Photo MARCELO DEL POZO, REUTERS

To design this collection showing looks that are sometimes androgynous and with obvious Hispanic references, the artistic director, Maria Grazia Chiuri, confides that she was inspired by various Spanish figures, starting with Carmen Amaya, a great name in flamenco in the 1950s “who ‘dressed like a man’.

Plastron waistcoats, whips, leather gaiters and wide-brimmed hats, or even black lace evoking a mantilla and running from the shoulders to the ankles, the parade evokes the codes of bullfighting or gypsy culture.

To design this collection showing looks that are sometimes androgynous and with obvious Hispanic references, the artistic director, Maria Grazia Chiuri, confides that she was inspired by various Spanish figures, starting with Carmen Amaya, a great name in flamenco in the 1950s “who ‘dressed like a man’.

But she was also fascinated by representations of the Virgin such as that of the Macarena, adored in Seville where she is one of the major figures in the processions of Holy Week, another image of the feminine.

Because the theme of femininity obsesses Maria Grazia Chiuri who says she admires the character of Spanish women.

They are “very strong, while wanting to be beauties and be independent”, says the artistic director who likes to see them in the films of Almodovar, “one of the directors who best describes female characters”.

Tourism benefits


Photo MARCELO DEL POZO, REUTERS

The theme of femininity obsesses Maria Grazia Chiuri who says she admires the character of Spanish women.

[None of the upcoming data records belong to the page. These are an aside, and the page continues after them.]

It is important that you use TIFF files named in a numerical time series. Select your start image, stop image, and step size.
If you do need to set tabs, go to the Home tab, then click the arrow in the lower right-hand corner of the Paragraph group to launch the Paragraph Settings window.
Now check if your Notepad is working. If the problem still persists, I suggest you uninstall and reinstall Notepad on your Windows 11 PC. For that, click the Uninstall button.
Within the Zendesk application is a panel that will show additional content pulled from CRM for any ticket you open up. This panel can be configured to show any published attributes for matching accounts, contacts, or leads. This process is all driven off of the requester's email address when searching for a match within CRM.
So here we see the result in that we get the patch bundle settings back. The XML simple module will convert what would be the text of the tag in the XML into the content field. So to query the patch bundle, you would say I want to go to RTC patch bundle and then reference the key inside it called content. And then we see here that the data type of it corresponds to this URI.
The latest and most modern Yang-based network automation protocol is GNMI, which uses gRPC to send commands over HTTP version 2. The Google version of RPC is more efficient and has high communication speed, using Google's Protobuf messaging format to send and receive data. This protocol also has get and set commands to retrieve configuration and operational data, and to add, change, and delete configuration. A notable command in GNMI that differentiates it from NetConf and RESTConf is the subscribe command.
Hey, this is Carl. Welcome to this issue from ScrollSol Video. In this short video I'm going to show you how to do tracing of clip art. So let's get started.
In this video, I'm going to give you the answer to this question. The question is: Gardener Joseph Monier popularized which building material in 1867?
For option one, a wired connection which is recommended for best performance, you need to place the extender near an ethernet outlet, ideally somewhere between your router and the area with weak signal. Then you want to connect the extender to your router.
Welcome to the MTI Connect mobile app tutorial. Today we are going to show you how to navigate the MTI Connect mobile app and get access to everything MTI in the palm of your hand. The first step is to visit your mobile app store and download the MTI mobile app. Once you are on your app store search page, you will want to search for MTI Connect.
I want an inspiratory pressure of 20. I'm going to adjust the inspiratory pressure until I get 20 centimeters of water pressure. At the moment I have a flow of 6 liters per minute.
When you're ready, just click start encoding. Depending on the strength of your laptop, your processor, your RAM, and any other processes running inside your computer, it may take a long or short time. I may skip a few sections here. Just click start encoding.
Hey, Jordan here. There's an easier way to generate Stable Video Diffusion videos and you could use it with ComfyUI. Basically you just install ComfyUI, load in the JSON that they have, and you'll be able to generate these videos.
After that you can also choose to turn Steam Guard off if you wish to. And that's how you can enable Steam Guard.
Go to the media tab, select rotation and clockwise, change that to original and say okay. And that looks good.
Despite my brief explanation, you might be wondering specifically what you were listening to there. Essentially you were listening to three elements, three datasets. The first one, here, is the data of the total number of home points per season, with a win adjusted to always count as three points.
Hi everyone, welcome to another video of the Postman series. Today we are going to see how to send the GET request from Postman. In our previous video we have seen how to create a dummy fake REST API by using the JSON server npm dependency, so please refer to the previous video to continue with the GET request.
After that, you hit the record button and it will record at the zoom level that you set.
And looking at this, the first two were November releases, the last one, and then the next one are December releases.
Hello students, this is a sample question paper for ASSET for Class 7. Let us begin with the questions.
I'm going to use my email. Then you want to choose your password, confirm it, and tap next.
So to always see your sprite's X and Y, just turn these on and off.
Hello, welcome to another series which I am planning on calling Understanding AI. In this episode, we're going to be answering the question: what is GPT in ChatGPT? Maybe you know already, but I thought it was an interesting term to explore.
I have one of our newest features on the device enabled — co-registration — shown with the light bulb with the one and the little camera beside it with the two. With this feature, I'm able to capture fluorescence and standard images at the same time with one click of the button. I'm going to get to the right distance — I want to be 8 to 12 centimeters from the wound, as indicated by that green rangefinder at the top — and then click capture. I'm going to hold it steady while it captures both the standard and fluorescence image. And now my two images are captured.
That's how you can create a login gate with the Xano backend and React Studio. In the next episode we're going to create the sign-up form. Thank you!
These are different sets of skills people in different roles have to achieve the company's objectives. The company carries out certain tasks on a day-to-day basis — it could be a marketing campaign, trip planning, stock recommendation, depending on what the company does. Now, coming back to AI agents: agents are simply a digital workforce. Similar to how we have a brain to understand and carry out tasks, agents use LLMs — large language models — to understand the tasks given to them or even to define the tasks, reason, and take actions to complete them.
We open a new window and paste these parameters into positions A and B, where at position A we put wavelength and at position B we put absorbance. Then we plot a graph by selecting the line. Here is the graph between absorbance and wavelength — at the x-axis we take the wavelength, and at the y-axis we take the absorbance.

With this “cruise” fashion show, Dior wanted to celebrate the “ties forged” in the past between Spain and Christian Dior, who in 1947 had designed a dress called “Ball in Seville”.

And underline the “strong relationship between haute couture and Spain”. “If you look at the flamenco dresses or the shawls, it’s still quite haute couture, quite artisanal, hand-embroidered, extraordinary things,” says Pietro Beccari.

After a gloomy period marked by COVID-19, this collection “comes out in stores in December, a very interesting month commercially: that means that the windows must convey a certain joie de vivre, a certain festive spirit and Spain. is particularly suitable,” he says.

The subject of particular attention in the world of fashion, the “cruise” collections are economically interesting for the cities that host them. Dior also assures that the other cities that have hosted these parades in recent years have experienced an increase in tourism.

“It’s good for Dior, but it’s going to be good for Spain too”, continues the CEO of the house, according to which around “200 million” people followed, throughout the world, the Sevillian parade broadcast live on social networks.